With a possible strike looming Thursday, the Burlington Education Association and the city school board were in a daylong, last-ditch negotiating session that extended into the evening.
Talks began early Wednesday at the Burlington School District central office on Colchester Avenue, and federal mediator Ira Lobel spent the day going back and forth between the teachers and the school board hoping to bring them together — without immediate success. There was still no resolution as of 5 p.m. Wednesday.
“Hopefully he’s working his magic,” said Darren Allen, communications director for the Vermont-NEA, in a telephone interview.
Superintendent of Schools Yaw Obeng said late in the afternoon that schools were “absolutely” still scheduled to open Thursday. Teachers have vowed to strike Thursday morning if no contract deal is reached.
The conflict over pay and benefits has dragged on for more than a year. In September, the school board imposed employment terms that gave teachers an average raise of around 2.75 percent but cut certain perks and increased teachers’ share of health insurance costs.
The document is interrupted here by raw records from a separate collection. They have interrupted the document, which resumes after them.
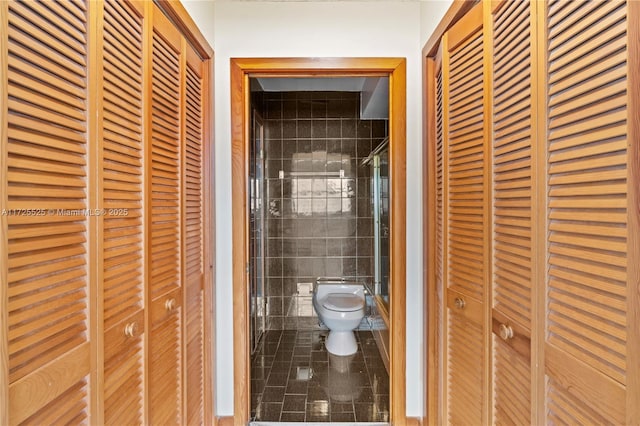 bathroom featuring toilet and tile walls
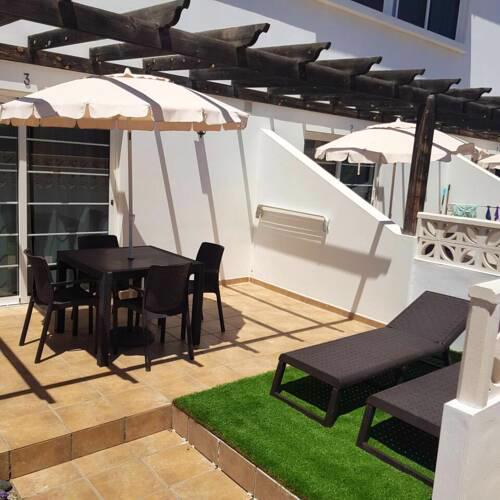 Apartment with one bedroom in Corralejo with shared pool and furnished terrace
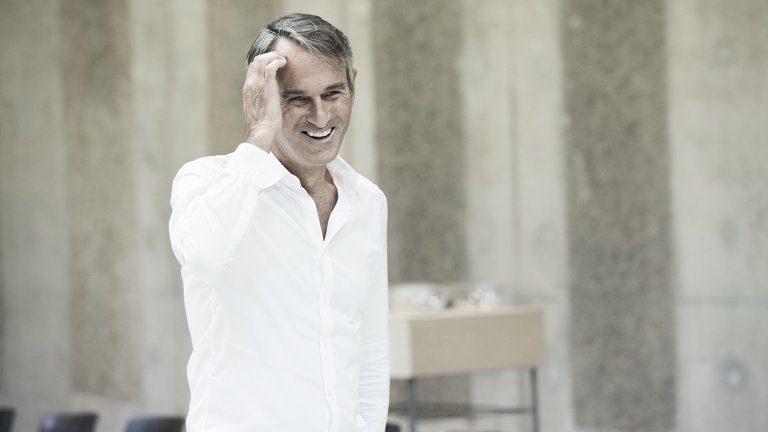 Ivo van Hove, Intendant der Ruhrtriennale 2024–2026, trägt ein weißes Hemd. Er greift sich mit der rechten Hand an die Stirn und lächelt.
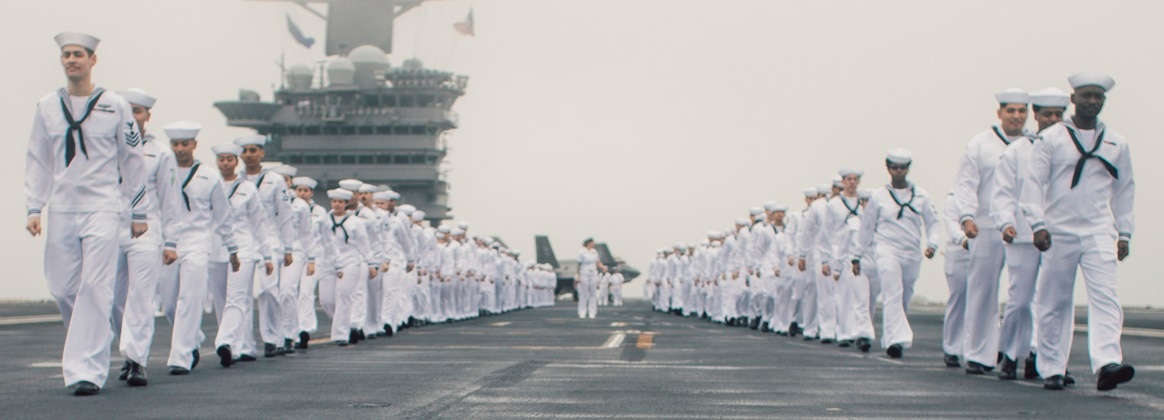 Sailors man the rails on the flight deck of Nimitz-class aircraft carrier USS George Washington (CVN 73) while underway in the Pacific Ocean, July 10, 2024.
Teachers saw the board’s move as a power play. They responded with pickets, claims that the board was trying to bust the union, and a vote authorizing a strike Thursday, pending the outcome of Wednesday’s meeting.
Under the terms imposed in September, steps on the salary grid range from $43,565 to $84,750 annually. Effective January 1, 2017, teacher contributions to health insurance will increase from 15 to 16 percent.
The union had also sought to preserve a clause from the three-year contract that expired in August guaranteeing them a salary in the “middle of the middle” compared to other teacher pay in the region.
The board axed that language, saying it was unfairly restrictive.
The imposed terms also reduce a benefit that allowed teachers to accumulate unused sick leave and get payouts for it at the end of their careers. New teachers will not be eligible for the payments.